What needs to be done:
The task calls for the lines below from the line with "Groom's Finery [Innistrad: Double" to the line with "1.通风-新疆地下室_2012-02-27【增加新风预热水管】.dwg", both ends included, copied exactly, without any pictures.

Data to process:
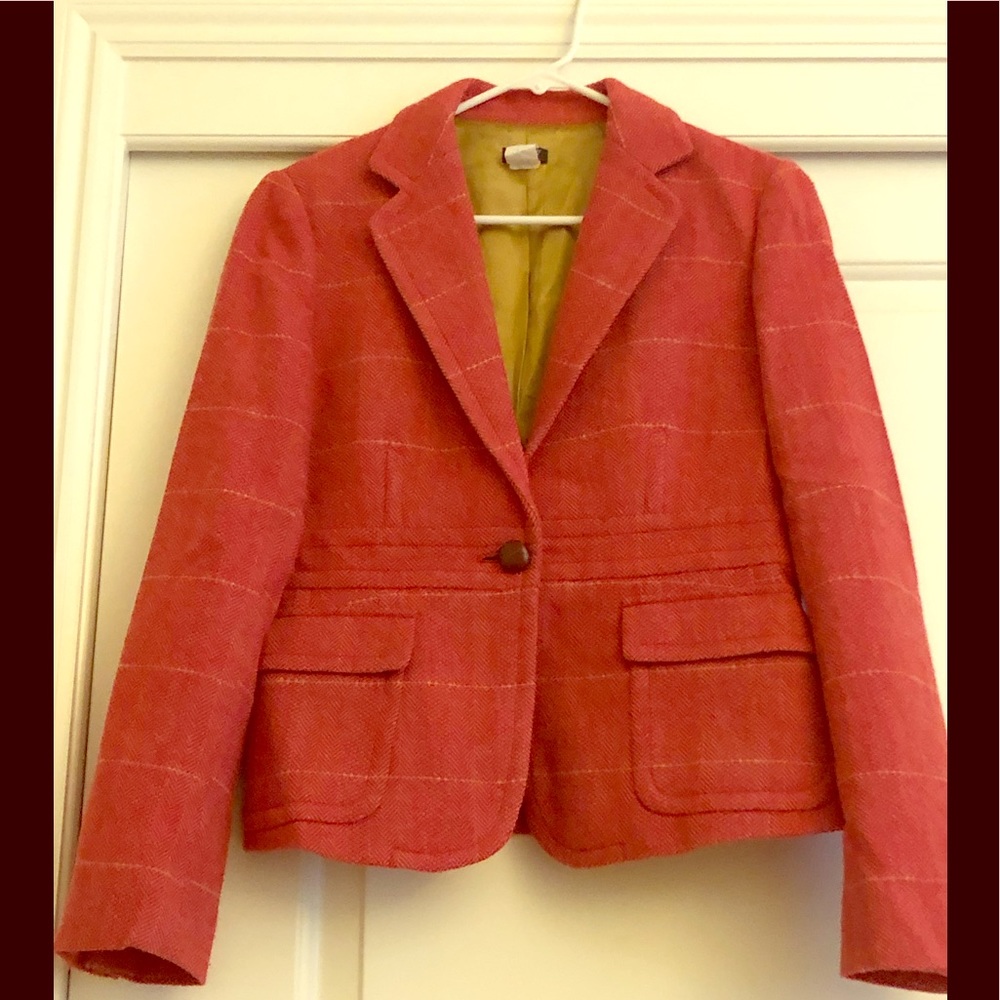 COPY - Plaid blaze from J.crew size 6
* * *
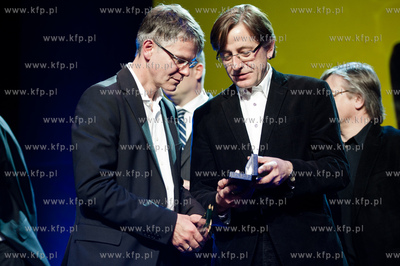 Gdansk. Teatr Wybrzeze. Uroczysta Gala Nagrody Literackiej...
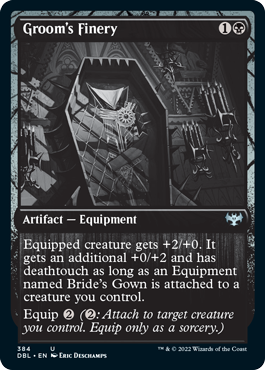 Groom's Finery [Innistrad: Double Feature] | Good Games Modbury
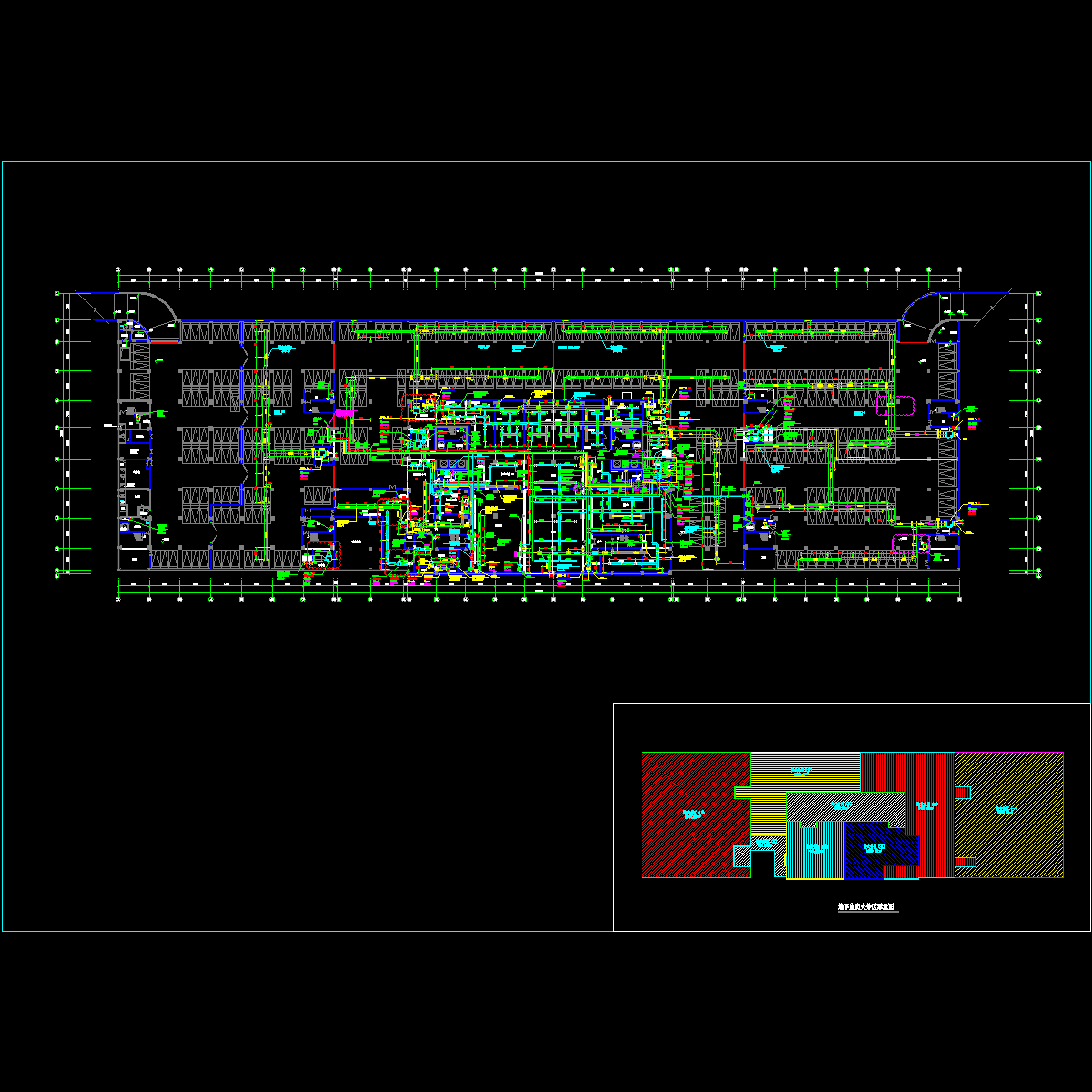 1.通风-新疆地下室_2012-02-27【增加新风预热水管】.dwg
--
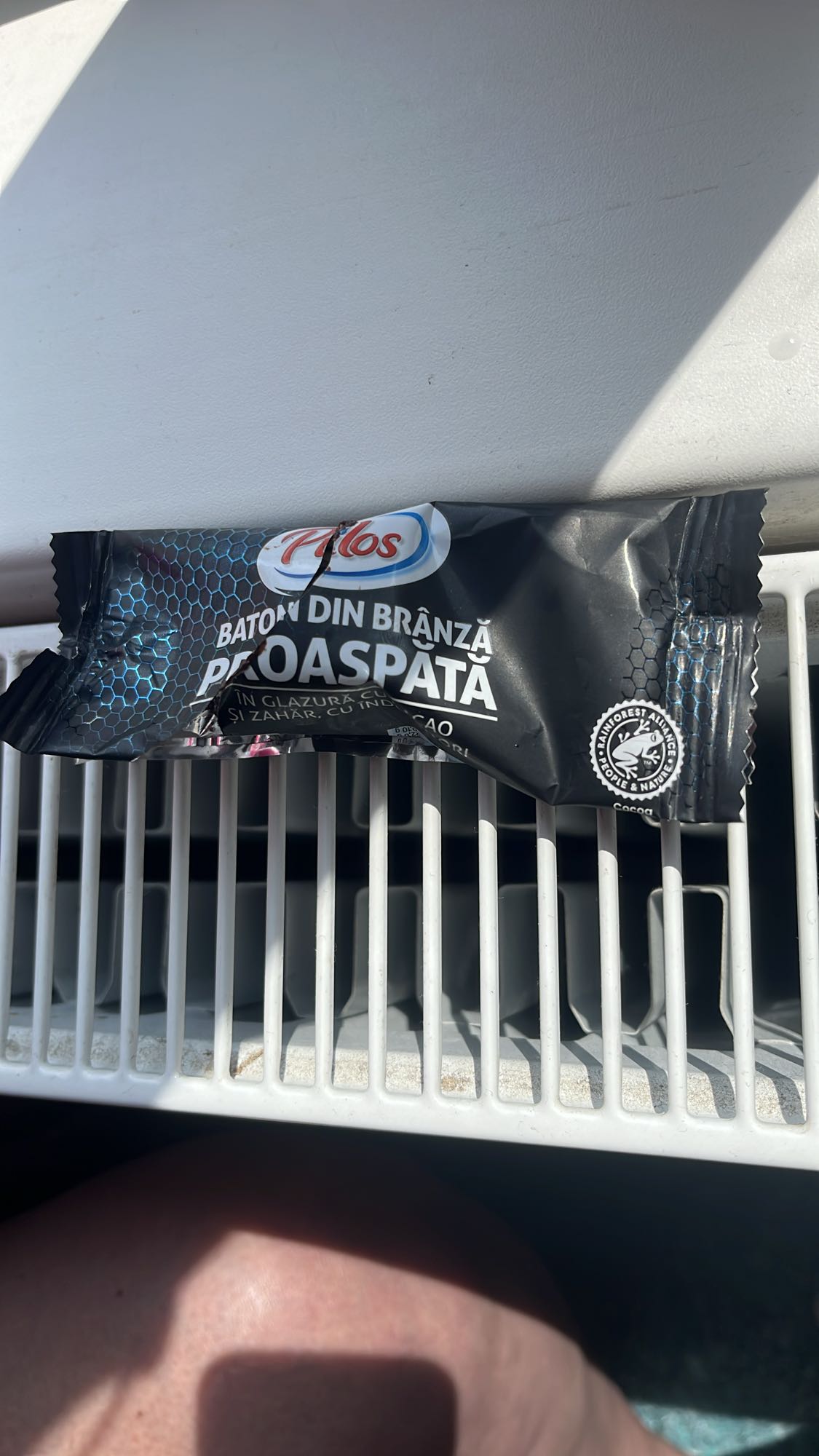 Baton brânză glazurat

Response area:
 Groom's Finery [Innistrad: Double Feature] | Good Games Modbury
 1.通风-新疆地下室_2012-02-27【增加新风预热水管】.dwg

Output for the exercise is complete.